Calculating the frequency of unique values in a DataFrame column.

In [None]:
tweets_new['Label'].value_counts()

<s>        4827
nothate    4763
hate        237
<pad>       173
Name: Label, dtype: int64

Renaming the lables

In [None]:
tweets_new['Label'].replace({'<s>': 'nothate', '<pad>': 'hate'}, inplace=True)

In [None]:
selected_columns = tweets_new[['Label']]
# Concatenate selected columns with df1 along columns (axis=1)
tweets_analysis = pd.concat([tweets_df, selected_columns], axis=1)

Renaming columns

In [None]:
tweets_analysis.rename(columns={'Label': 'Pred_after_#_removal', 'Predicted_label': 'Pred_before_#_removal'}, inplace=True)

Importing additional required libraries and modules.

In [None]:
import pandas as pd
import plotly.express as px

# Calculate total counts for each 'dataset' group
total_counts = tweets_analysis.groupby('dataset').size().reset_index(name='total_count')

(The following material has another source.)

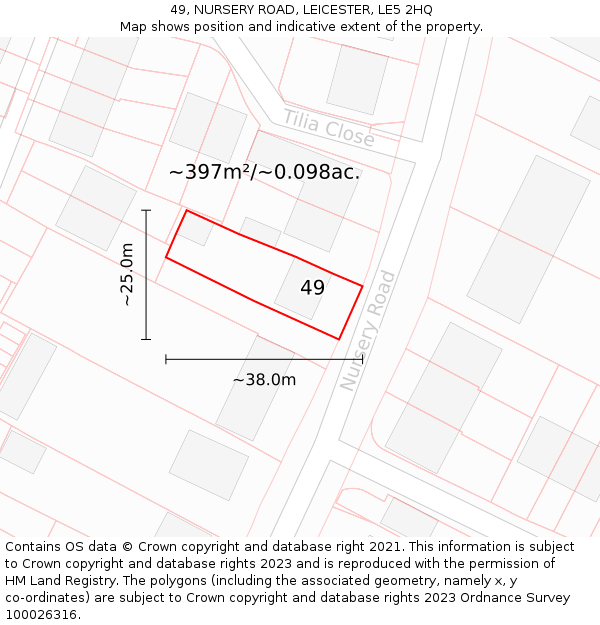 49, NURSERY ROAD, LEICESTER, LE5 2HQ: Plot and title map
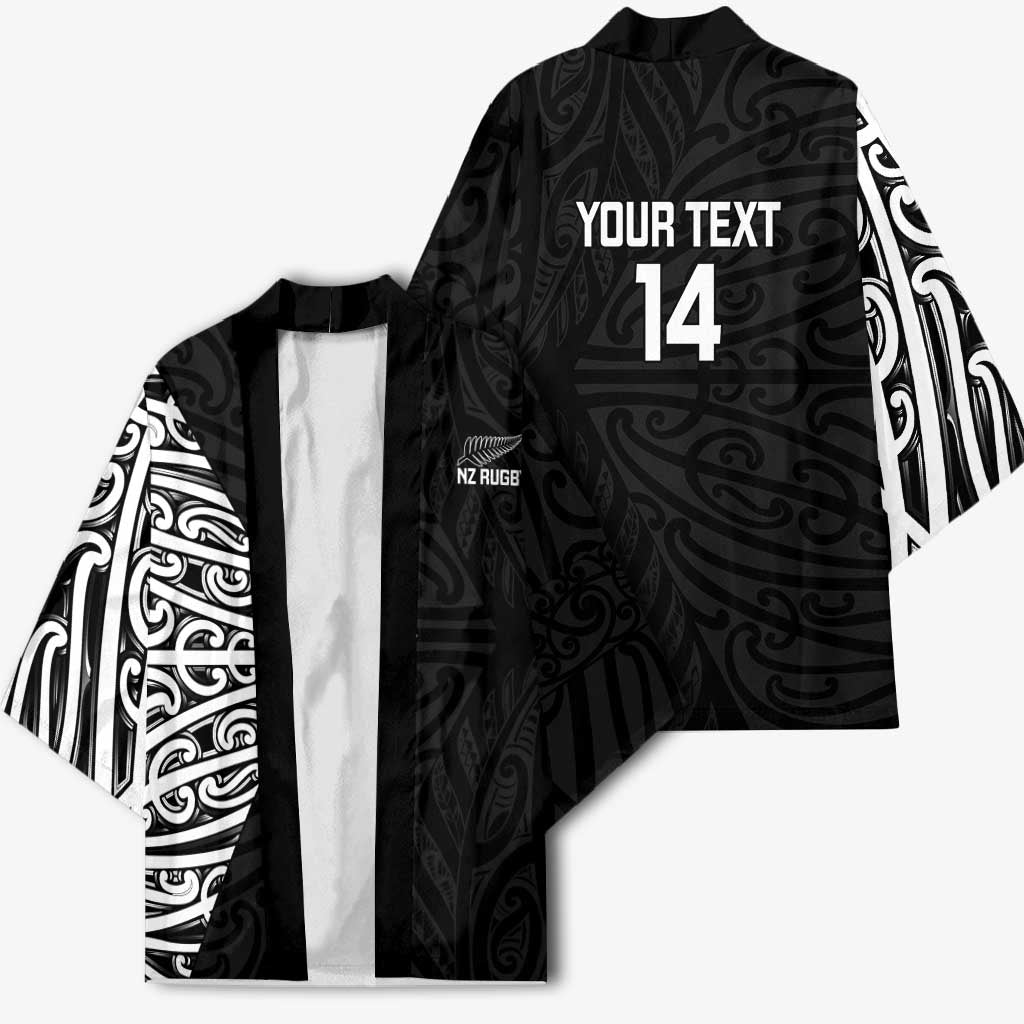 New Zealand Silver Fern Rugby Custom Kimono Maori Koru Go Black Fern - Polynesian Pride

# Calculate the counts of "hate" for both columns
hate_counts = tweets_analysis[tweets_analysis['Pred_before_#_removal'] == 'hate'].groupby('dataset').size().reset_index(name='hate_count_before')
hate_counts_after = tweets_analysis[tweets_analysis['Pred_after_#_removal'] == 'hate'].groupby('dataset').size().reset_index(name='hate_count_after')

# Merge the counts
counts_df = pd.merge(total_counts, hate_counts, on='dataset', how='left').fillna(0)
counts_df = pd.merge(counts_df, hate_counts_after, on='dataset', how='left').fillna(0)

# Calculate the percentages
counts_df['Before_#_Removal'] = (counts_df['hate_count_before'] / counts_df['total_count']) * 100
counts_df['After_#_Removal'] = (counts_df['hate_count_after'] / counts_df['total_count']) * 100

# Melt the DataFrame to create a grouped bar chart
melted_df = counts_df.melt(id_vars='dataset', value_vars=['Before_#_Removal', 'After_#_Removal'])

# Create the grouped bar chart
fig = px.bar(melted_df,
             x='dataset',
             y='value',
             color='variable',
             barmode='group',
             title='Comparison of Hate Predictions Before and After Removal (Percentage)',
             labels={'value': 'Percentage of Hate', 'variable': 'Prediction Type'},
             color_discrete_map={'Before_#_Removal': '#fdee99', 'After_#_Removal': '#51b27c'})

# Display the percentage values on the bars
fig.update_traces(texttemplate='%{y:.2f}%', textposition='outside')

# Update the layout to make the labels larger (size 16), center the title, set the y-axis range, place the legend at the top right, and set the background color to white
fig.update_layout(
    title={'text': 'Comparison of Tweets Classified as Hate Before and After Hashtag(#) Removal', 'x': 0.5},
    xaxis_title="Dataset",
    yaxis_title="Percentage of Hate",
    yaxis=dict(range=[0, 10]), # Set the y-axis range from 0 to 10
    font=dict(size=16),
    legend=dict(y=1, x=1, xanchor='right'), # Place the legend at the top right
    plot_bgcolor='white', # Set the plot background color to white
    paper_bgcolor='white' # Set the paper (outer) background color to white
)

# Show the plot
fig.show()